Neue Variante mit dritter Sitzbank und Platz für sieben Personen vorgestellt

Das Design gibt den Ausschlag: Seit der Markteinführung im Februar 2007 hat Nissan europaweit bereits über 100.000 Exemplare des Qashqai absetzen können. Nach eigenen Erhebungen konnten die Japaner mit dem Stilmix aus SUV und Kompaktwagen einen Anteil von drei Viertel Neukunden für sich gewinnen. Nun wird die Palette des Fahrzeugs mit dem unaussprechlichen Namen um eine verlängerte Version erweitert.

21 Zentimeter mehr
Das auf die Bezeichnung Qashqai+2 hörende Fahrzeug weist einen um 13 Zentimeter verlängerten Radstand auf, die Länge beträgt bei der Stretchversion 4,53 Meter, was 21 Zentimeter mehr sind als beim normalen Modell. Die Höhe wuchs hingegen um moderate vier Zentimeter. Äußerlich ist der +2 an neu gestylten Türen und einer veränderten Dachlinie zu erkennen. Die Seitenfenster sind größer geworden, um den Passagieren auf der neuen dritten Sitzbank eine gute Aussicht zu gewähren. Während an der Front ein neuer Kühlergrill auf die Langversion hinweist, besitzt das Heck ein größeres Fenster und einen veränderten Stoßfänger.

Platz für sieben
Nissan möchte sich mit dem Qashqai+2 insbesondere an Familien mit Kindern richten, während die bisherige Variante oft von kinderlosen Käufern oder solchen mit einem Kind erworben wurde.

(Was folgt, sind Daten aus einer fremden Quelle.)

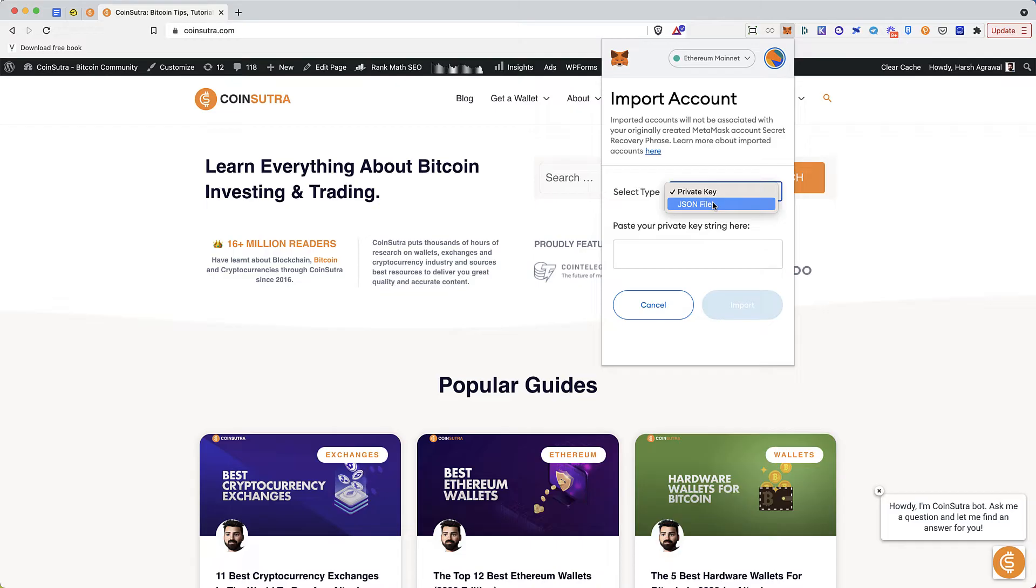Now there is no other option of importing using seed phrase, which is a big limitation, but there is a solution for this, and here is how you can import your seed phrase to MetaMask.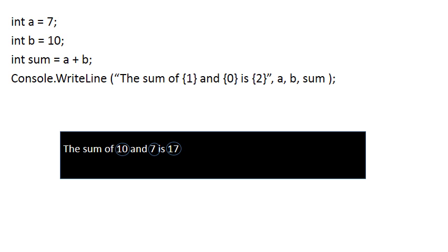So 1 is the second variable that's listed after the text, in this case b, and 0 is the first variable that's listed. So notice your output now says the sum of 10 and 7 is 17 because 10 is b and 7 is a. So those numbers 0, 1 and 2 indicate how the variables are listed after the text.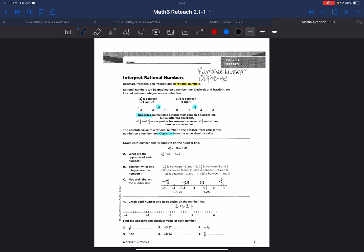Let's look at a few problems. These problems that we go over today will be similar to the problems on page 35, if you want to look at your homework.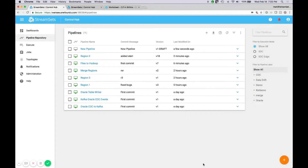Hello, this is a demonstration of the StreamSets data operations platform. Let's consider a company that has a variety of traditional on-prem systems — Oracle databases, file drops once a day, things like that — and they're looking to start migrating to public cloud, maybe multiple clouds, taking advantage of streaming data. Their existing big monolithic ETL applications are having trouble adapting to the agility and the speed needed to modify data flows to work with the cloud and handle streaming data.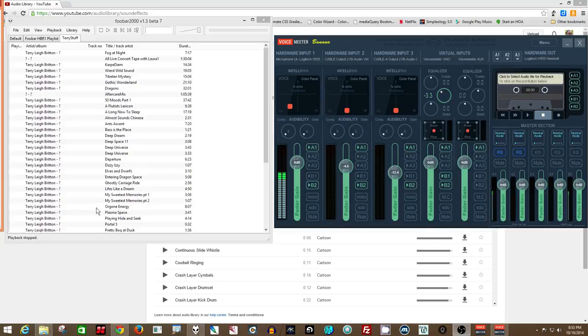Hello everybody, this is a quick recording to show how to use the FOOBAR media player playback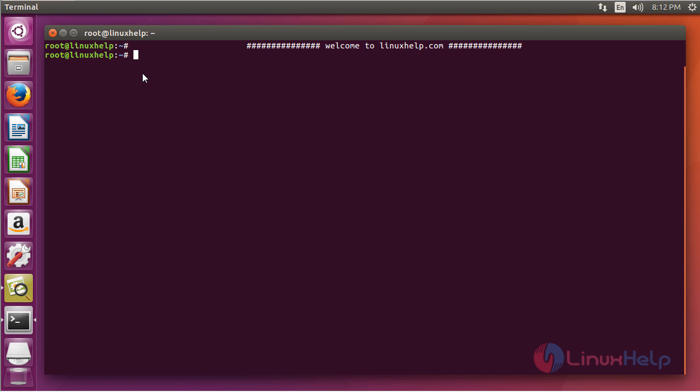Hello viewers, welcome to linuxhelp.com. Today in this tutorial we're going to show you how to schedule a cron job to run a script.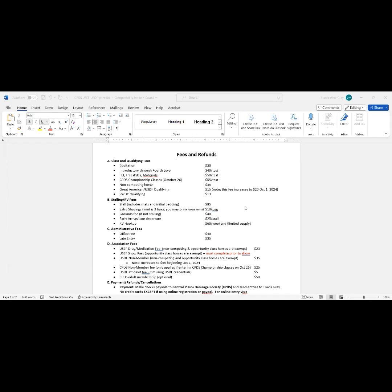I do get questions about the grounds fee, which is $40. This is a fee that people pay if they're not getting a stall. Sometimes I'll have the question, well, what am I paying for? What am I getting for my $40? Well, you're using the facility: the warm-up ring, maybe the lunging area, the show ring, the wash rack. So you do get benefit from that.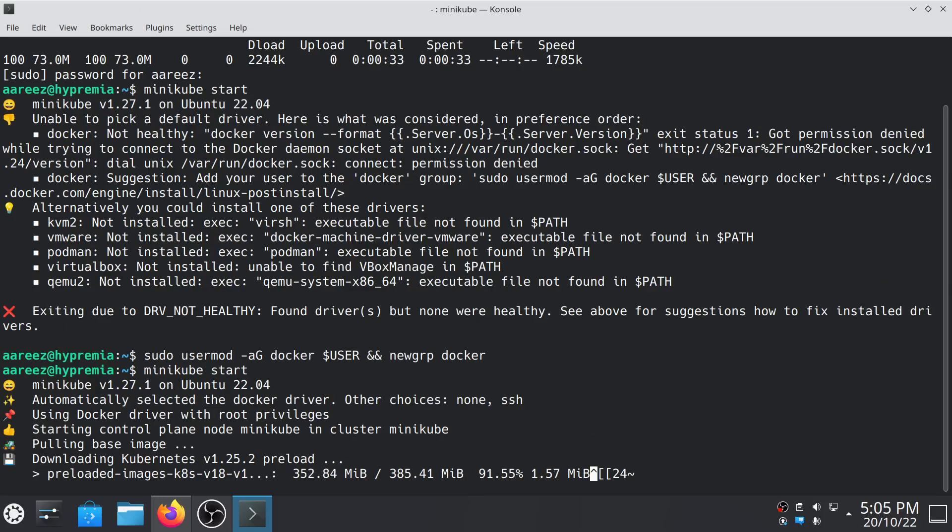As you can see, we have already almost installed the Kubernetes. It will take less than a minute or so to install it again.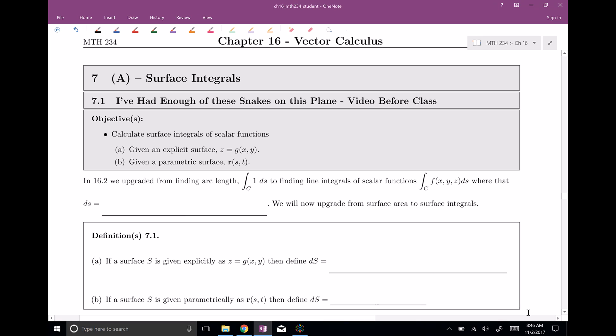Welcome everyone to section number seven. This is surface integrals. In this video, we're going to calculate surface integrals of scalar functions when our surface is given to us either explicitly or parametrically. Primarily we're going to be doing the definitions, and then we'll do one example.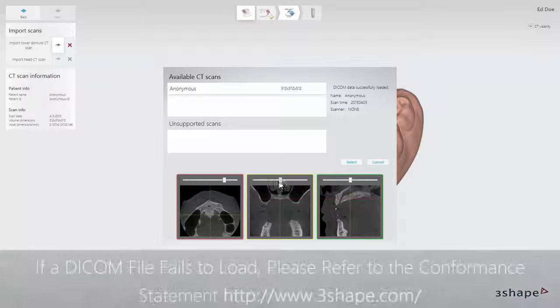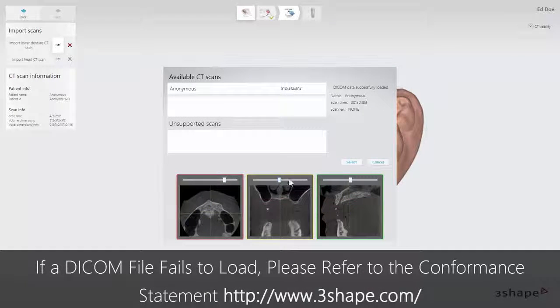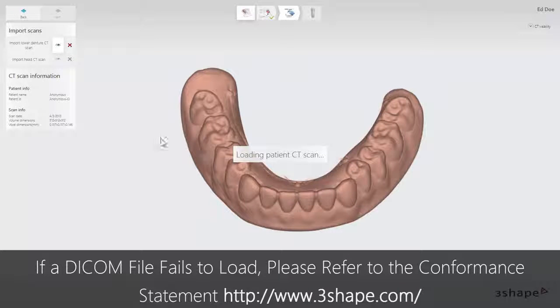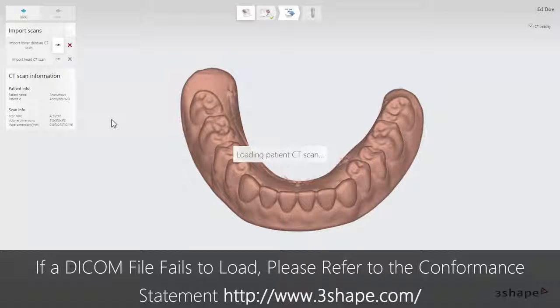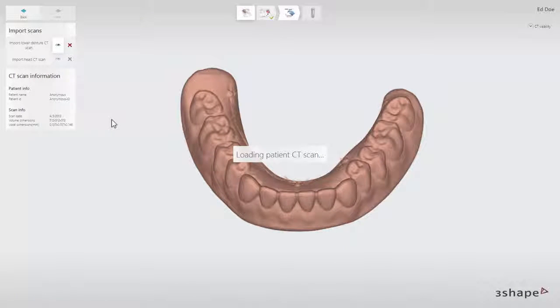If a DICOM file fails to load, please refer to the conformance statement or alternatively contact your CT manufacturer for clarification. The 3D preview for the head scan will appear on the screen.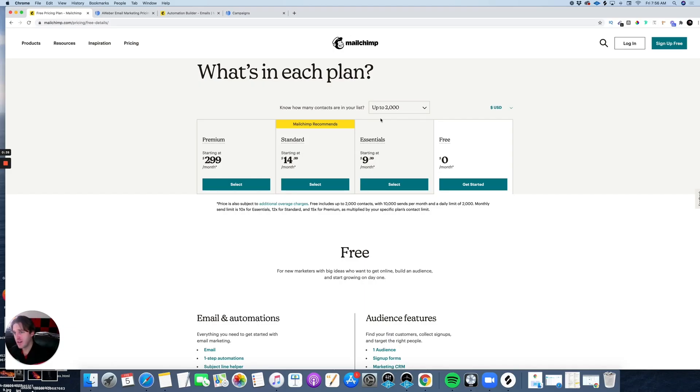What I'm going to do today in this video is break down the differences between MailChimp and Aweber. We're going to be looking at the new free plans that they offer and comparing them to see which one is best for you. I also have a lot of experience with email marketing.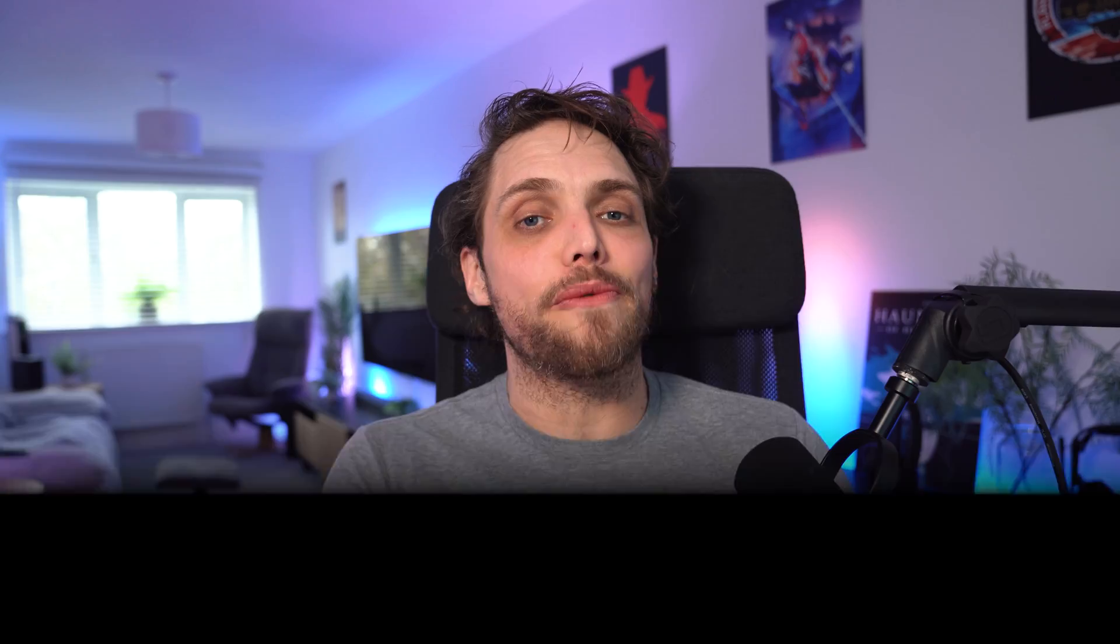Welcome back to Tutorial Tuesday, where each and every Tuesday, we bring you a brand new, fresh photography tutorial. This week, like I say, let's dive back into Lightroom Classic. I've already kind of explained what we're looking at. So let's jump in.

Damit das Unterfangen klappt, ist im +2 die zweite Reihe dreifach im Verhältnis 40:20:40 teilbar. Die Rückenlehne kann hier in neun Positionen zwischen zehn und 25 Grad arretiert werden. Der 20-prozentige Teil der Lehne kann zudem als Armlehne mit Cupholdern umgeklappt werden. Bleibt sie in der Rückenlehne, dient die Armlehne als Ablagefach für die dritte Reihe. Diese ist für Kinder oder Erwachsene bis zu einer Körpergröße von 1,60 Meter ausgelegt. Die Sitze sechs und sieben lassen sich geteilt umlegen und verschwinden bei Nichtbenutzung im Fahrzeugboden. Dann beträgt das Kofferraumvolumen 500 Liter, 90 Liter mehr als beim kurzen Qashqai. Wie dieser kann auch der Qashqai+2 mit einem großen Panorama-Glasdach ausgestattet werden, allerdings ist es um 14 Zentimeter verlängert worden.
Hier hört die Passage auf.